Sources: Phillies owners commit to pay employees through May

Phillies employees, in a letter from managing partner John Middleton, were informed on Friday that there would be no change to any full-time worker's employment status through the month of May. No layoffs. No pay cuts.

"I am neither an epidemiologist nor a public policy maker, but I do know our industry, and it is my sincere belief that baseball will be played this year," Middleton wrote in the letter, which was obtained by NBC Sports Philadelphia. "I may be proven incorrect, but that is how I am thinking and operating right now. As long as we believe we will play a meaningful number of games in 2020, then I believe we can avoid the most painful forms of budget reduction."
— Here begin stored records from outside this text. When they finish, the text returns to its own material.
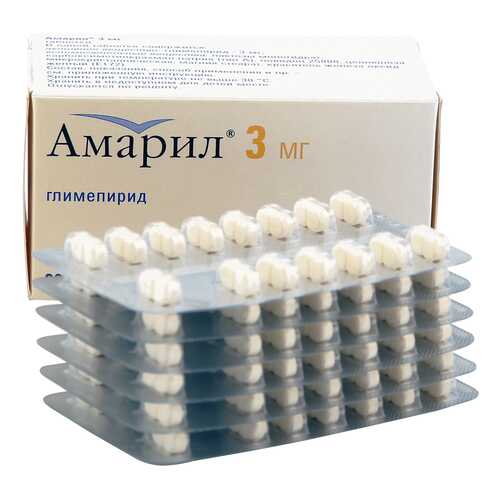 Амарил таблетки 3 мг 90 шт. в Максавит
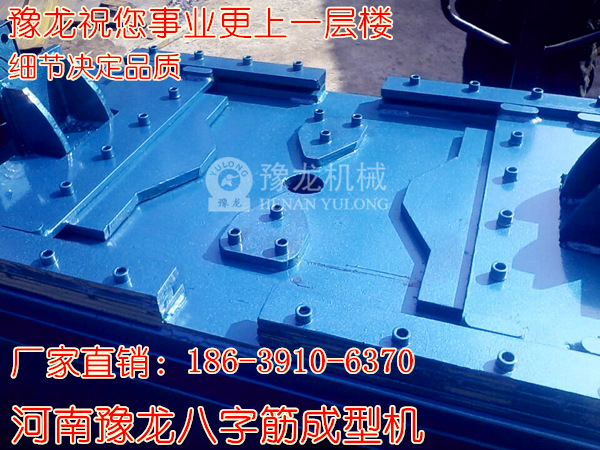 江西八字筋成型机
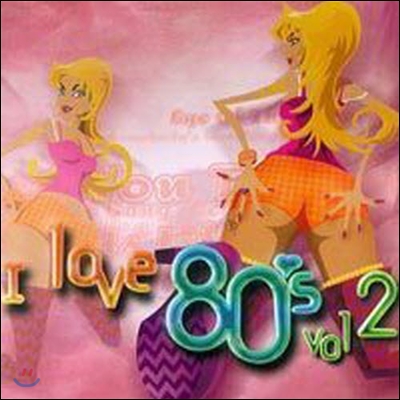 V.A. / I love 80's Vol.2 (2CD/미개봉)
Middleton did go on to caution employees that "with zero revenues for the foreseeable future, there may very well come a time when certain adjustments have to be made," but he said it was premature to speculate on the specifics of those potential adjustments.
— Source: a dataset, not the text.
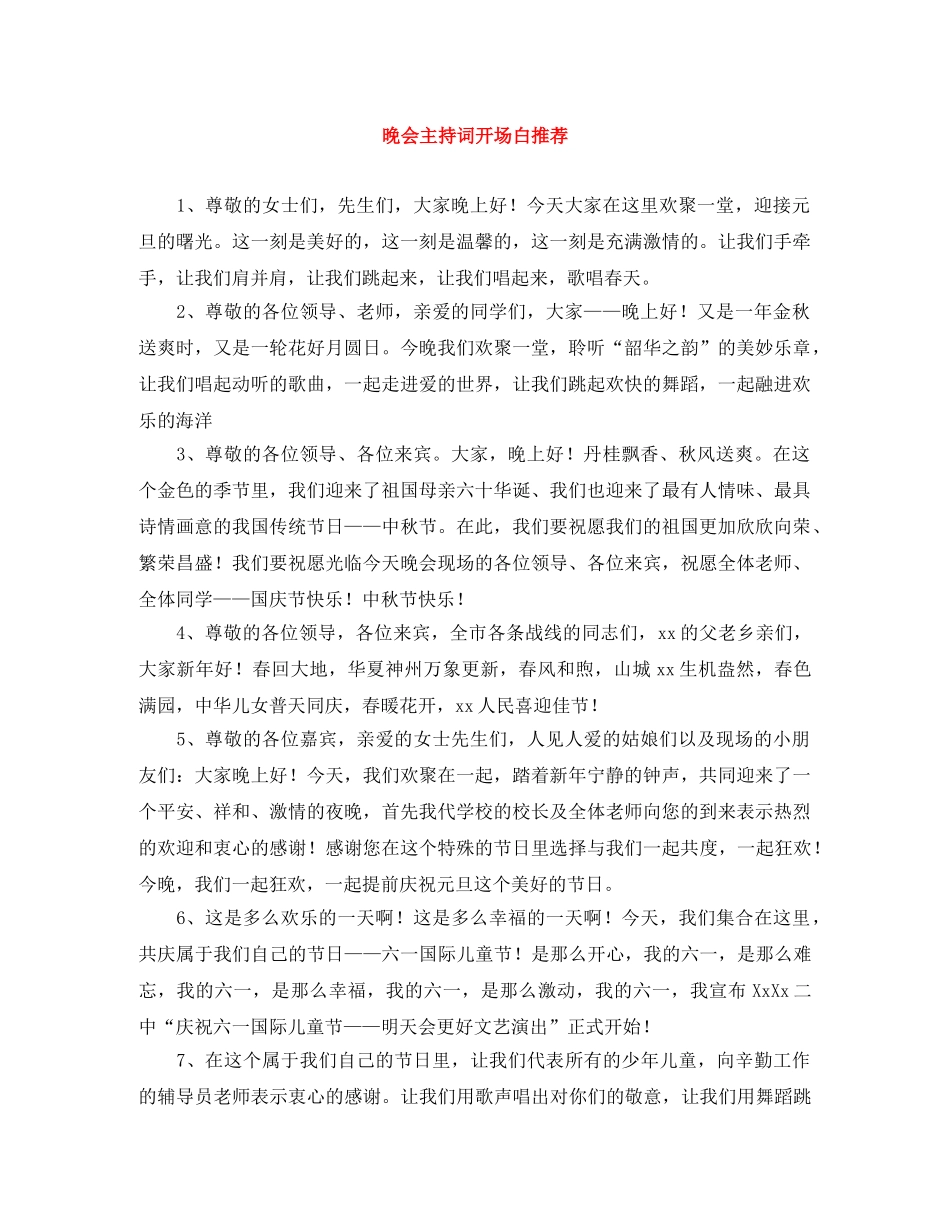 晚会主持词开场白推荐 _第1页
Middleton's letter comes one month after all 30 teams informed full-time employees that they would receive full pay and benefits through the month of April, at which time teams would reassess.

Earlier this week, the Atlanta Braves informed employees that they would continue to be paid in full through May. The Phillies are believed to be just the second major league team to assure their workers that they would be paid through May.

"We are all part of the Phillies Family, and together we will get through this," Middleton wrote.

With the entire sports world shut down by the coronavirus health crisis, teams in all professional sports leagues have had to consider pay cuts and layoffs. The Utah Jazz made cuts. The Buffalo Sabres have had significant layoffs. High-ranking executives from the Texas Rangers have taken voluntary pay cuts as have top officials with Major League Baseball. Locally, the 76ers planned to cut employee salaries last month but backed off due to public backlash.

Layoffs and salary cuts were a major issue during baseball's work stoppage in 1994-95. Some teams did cut staff and pay. The Phillies did not.